The game is not a history simulator. It’s not a reality simulator either. It’s not a fantasy simulator either. It’s not a history violator either. It’s not a space mission control system either.
That is the perfect embodiment of “true and useless”. When people begin with something like that it usually means they don’t have any better argument.
Related: with the high density of maps and minor civs in Europe, I’d say there’s substantial room for more of both in both NA and SA, and Central America could be considered its own area.
I’ll make a new topic addressing that specifically, but I’ve definitely got some ideas for new maps and map adjustments to NA, as well as a handful of new minor civs and adjustments to existing ones that might help make them more historical.
I believe that Native American civilizations require a complete rework. An interesting option could be to divide them into two main groups, following examples from other games like Europa Universalis. It’s undeniable that these civilizations haven’t been very popular since their introduction in TWC. Sometimes I think that these civilizations were added more as a kind of “Token” and as a way to explore U.S. history in campaigns.
I think the developers are trying hard to achieving a more historically accurate representation of Native American civilizations using tools like unique units and cards. However, from my perspective, trying to fix something that was fundamentally misconceived might be too complex and costly. In my opinion, the simplest, right, and viable option would be to perform a “demolition and reconstruction from scratch”.

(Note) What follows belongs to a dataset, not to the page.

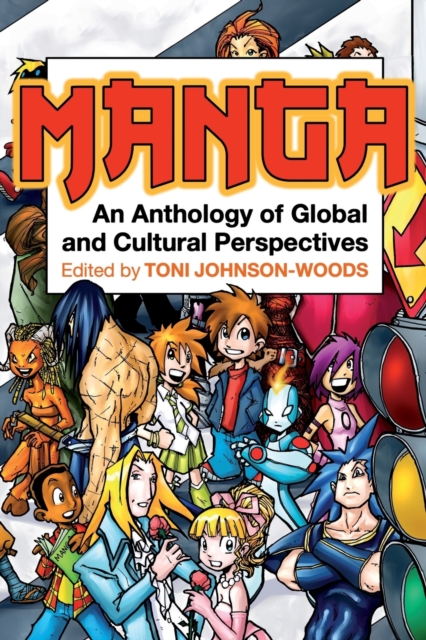 Manga : An Anthology of Global and Cultural Perspectives, Paperback / softback Book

The real, uncomfortable question the forum posters here mostly are ignoring is “well i don’t like it so to hell with those who do” attitude wont lead to anything othet than the devs trading 1 pissed iff group for another. Ideally, as some did identify with why the plaza is appealing, you need not to just change but keep a civ engaging. The top 2 civs consistently in popularity are china, ahisotrical af, and the weirdness that is brits. Clearly history while important isnt the end all, the civ has to be both fun and appealing for many reasons. Infact haudes popularity declines the more the devs steal its identity of “beefy long range skirm” with all their op DE stuff. Why play haude when you get age2 cassaprowlers as usa in age2 plus the eco?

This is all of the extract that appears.